Two weeks after U.S. Soccer’s admitted “error” in legal strategy, U.S. Soccer wrote, “USSF no longer disputes that the jobs of the WNT and MNT players require equal skill, effort and responsibility—and therefore has necessarily conceded that they perform equal work.”
The USWNT is seeking $67 million in back pay in the suit. When the women filed that lawsuit, U.S. Soccer initially responded by arguing the women have less “ability” than the men based on “the level of certain physical attributes, such as speed and strength.”
A spokeswoman for the USWNT, Molly Levinson, criticized that argument at the time, saying it belonged “in the Paleolithic Era.”
Megan Rapinoe, Alex Morgan among potential witnesses
In the event no settlement is reached, big names like Megan Rapinoe, Alex Morgan, Carli Lloyd, Christen Press and Becky Sauerbrunn could potentially be called as witnesses at the trial.
Among other things, the filings say they could testify about the collective bargaining agreement with U.S. Soccer and unsatisfactory working conditions, such as worn-down fields and transportation.
The USWNT originally filed the equal pay lawsuit against U.S. Soccer ln March 2019. After months of going back and forth, the situation could come to a head soon..
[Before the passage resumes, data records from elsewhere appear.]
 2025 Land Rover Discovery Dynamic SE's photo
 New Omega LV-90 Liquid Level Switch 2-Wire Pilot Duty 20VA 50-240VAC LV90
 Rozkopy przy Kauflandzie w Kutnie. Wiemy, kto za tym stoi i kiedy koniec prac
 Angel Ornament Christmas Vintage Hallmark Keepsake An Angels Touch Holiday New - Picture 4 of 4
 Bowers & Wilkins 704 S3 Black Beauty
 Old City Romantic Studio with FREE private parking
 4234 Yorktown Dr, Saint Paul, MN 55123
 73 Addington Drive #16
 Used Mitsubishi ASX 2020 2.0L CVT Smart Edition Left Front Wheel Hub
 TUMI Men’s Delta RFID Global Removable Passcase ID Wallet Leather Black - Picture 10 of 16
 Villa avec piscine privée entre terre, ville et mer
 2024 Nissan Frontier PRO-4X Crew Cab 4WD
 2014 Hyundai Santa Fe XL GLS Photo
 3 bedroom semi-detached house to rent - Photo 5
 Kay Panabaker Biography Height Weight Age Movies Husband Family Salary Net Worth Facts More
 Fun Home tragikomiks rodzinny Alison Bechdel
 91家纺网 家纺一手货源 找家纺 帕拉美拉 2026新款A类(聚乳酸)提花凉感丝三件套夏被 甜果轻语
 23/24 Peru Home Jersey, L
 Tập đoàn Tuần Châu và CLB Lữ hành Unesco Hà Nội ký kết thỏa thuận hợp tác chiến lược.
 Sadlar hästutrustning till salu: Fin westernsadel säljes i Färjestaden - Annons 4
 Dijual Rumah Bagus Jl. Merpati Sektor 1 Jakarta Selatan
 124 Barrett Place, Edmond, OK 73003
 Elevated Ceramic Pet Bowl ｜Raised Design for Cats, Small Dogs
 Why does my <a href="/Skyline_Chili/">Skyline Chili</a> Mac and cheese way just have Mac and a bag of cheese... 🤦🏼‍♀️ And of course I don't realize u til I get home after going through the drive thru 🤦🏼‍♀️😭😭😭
What will happen with USWNT’s equal pay lawsuit next?
The issue is slated to go to trial in May, though that seems unlikely to happen as scheduled. The trial could be delayed due to the coronavirus pandemic, but it could also be scrapped due to a settlement.
New U.S. Soccer president Cindy Parlow Cone said U.S. Soccer would prefer to reach a settlement with the USWNT. Parlow Cone — who replaced Carlos Cordeiro after his resignation on March 12 — said she didn’t think “a trial is good for either party.”